8.3.1.1. Why Cloud Deployment?#

Traditional On-Premises Challenges#

  • Hardware procurement (weeks/months)

  • Manual scaling

  • Maintenance overhead

  • Capital expenditure

  • Limited global reach

Cloud Advantages#

  • Instant provisioning: Resources in minutes

  • Pay-as-you-go: No upfront capital costs

  • Global reach: Deploy worldwide easily

  • Managed services: Less operational burden

  • Auto-scaling: Handle traffic spikes automatically

  • High availability: Built-in redundancy

8.3.1.2. Major Cloud Providers#

Amazon Web Services (AWS)#

ML-Specific Services:

  • SageMaker: End-to-end ML platform (training, deployment, monitoring)

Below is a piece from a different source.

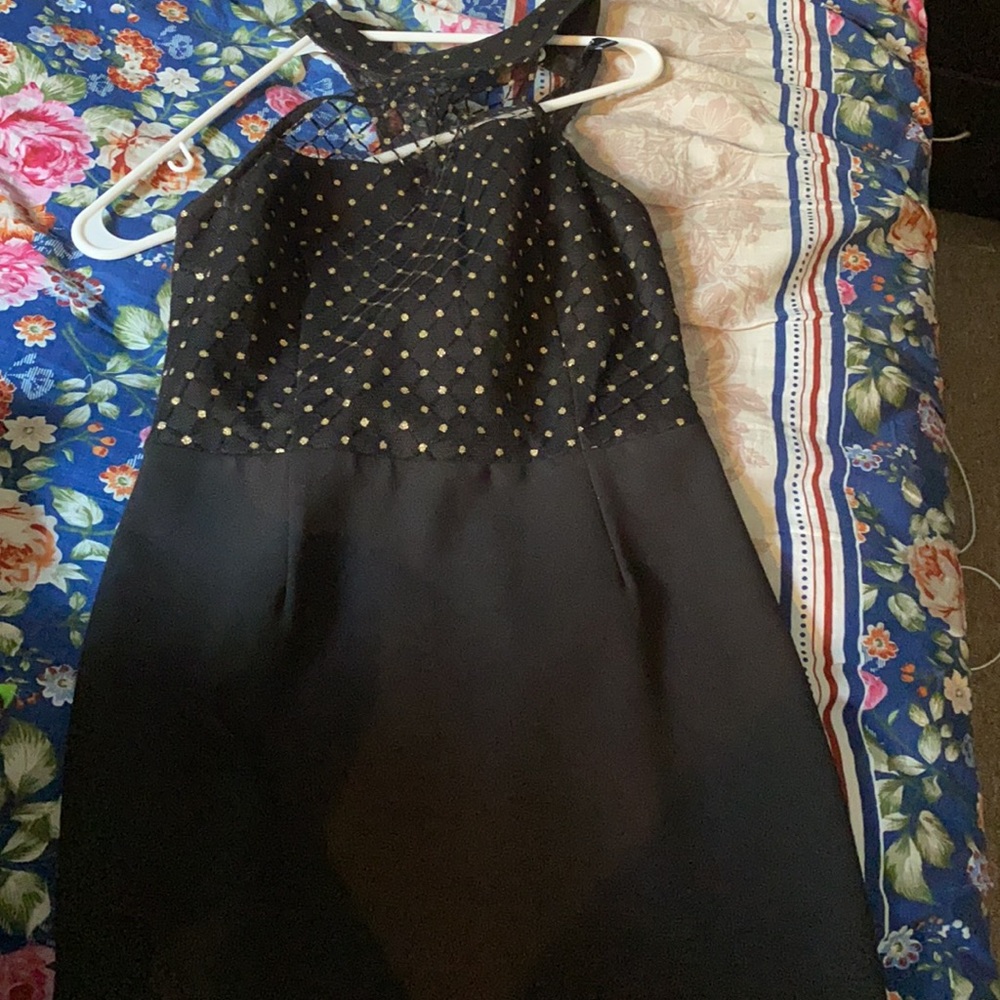 Tops - Picture 2 of 2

  • Lambda: Serverless function execution

  • ECS/EKS: Container orchestration

  • EC2: Virtual machines

Strengths:

  • Most mature cloud platform

  • Extensive service catalog

  • Large ecosystem

  • Strong DevOps tools

Best for: Teams already using AWS, enterprise deployments

Google Cloud Platform (GCP)#

ML-Specific Services:

  • Vertex AI: Unified ML platform

  • Cloud Run: Serverless containers

  • GKE: Kubernetes engine

  • Cloud Functions: Serverless functions

Strengths:

  • Strong AI/ML capabilities

  • Excellent integration with TensorFlow

  • Good pricing

  • User-friendly console

Best for: TensorFlow users, data analytics-heavy workloads

Microsoft Azure#

ML-Specific Services:

  • Azure ML: Comprehensive ML service

  • AKS: Azure Kubernetes Service

  • Container Instances: Simple container deployment

  • Azure Functions: Serverless

Strengths:

  • Deep Microsoft ecosystem integration

  • Enterprise-friendly

  • Hybrid cloud capabilities

  • Strong in regulated industries

Best for: Microsoft shops, enterprise customers

8.3.1.3. Deployment Patterns#

Most cloud deployments of ML models fall into one of five patterns. Each represents a different trade-off between simplicity, control, scalability, and cost.

Virtual Machines#

The simplest cloud deployment: rent a virtual machine, install Docker, and run your container. You retain full control of the environment but are responsible for everything—operating system updates, security patches, monitoring, and manual scaling. This is the right starting point for internal tools or low-traffic deployments where operational simplicity matters more than scale.

Local Development
      ↓
Package Model & Code
      ↓
Deploy to Cloud VM
      ↓
Expose via Public IP/Domain

Example conceptual workflow:

# Create VM
aws ec2 run-instances --image-id ami-12345 --instance-type t3.medium

# SSH to VM
ssh user@vm-public-ip

# Install Docker
sudo apt-get install docker.io

# Run model container
docker run -d -p 80:5000 ml-model:v1.0

Pros:

  • Simple mental model

  • Full control

  • Similar to local development

Cons:

  • Manual management

  • Manual scaling

  • You manage security patches

Use when: Simple deployments, learning, fully custom environments

Managed Container Services#

Managed container services (Google Cloud Run, AWS ECS/Fargate, Azure Container Instances) run your Docker image without requiring you to manage the underlying virtual machines. You provide the container image; the platform handles provisioning, scaling, and availability. Most of these services scale to zero—costing nothing when idle—which makes them economical for APIs that receive intermittent traffic.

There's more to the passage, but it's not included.